Trying to use apply-split-combine pandas transform. With the twist that the apply function needs to operate on multiple columns. It seems I can't get it to work using pd.transform
and have to go indirect via pd.apply
. There a way to do
import pandas as pd
import numpy as np
df = pd.DataFrame({'Date':[1,1,1,2,2,2],'col1':[1,2,3,4,5,6],'col2':[1,2,3,4,5,6]})
col1 = 'col1'
col2 = 'col2'
def calc(dfg):
nparray = np.array(dfg[col1])
somecalc = np.array(dfg[col2])
# do something with somecalc that helps caculate result
return(nparray - nparray.mean()) #just some dummy data, the function does a complicated calculation
#===> results in: KeyError: 'col1'
df['colnew'] = df.groupby('Date')[col1].transform(calc)
#===> results in: ValueError: could not broadcast input array from shape (9) into shape (9,16) or TypeError: cannot concatenate a non-NDFrame object
df['colnew'] = df.groupby('Date').transform(calc)
#===> this works but feels unnecessary
def applycalc(df):
df['colnew'] = calc(df)
return(df)
df = df.groupby('Date').apply(applycalc)
This post is the closest I found.
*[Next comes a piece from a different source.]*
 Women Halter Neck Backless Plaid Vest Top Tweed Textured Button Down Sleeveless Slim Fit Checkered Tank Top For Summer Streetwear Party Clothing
I would prefer to not pass in all the columns as separate parameters, besides the fact that there is a groupby operation.
EDIT: Note that I'm not really trying to calculate nparray - nparray.mean()
that's just a dummy calculation. It does something complicated which returns an array of shape (group_length,1)
. Also I want to store colnew
as a new column in the original dataframe.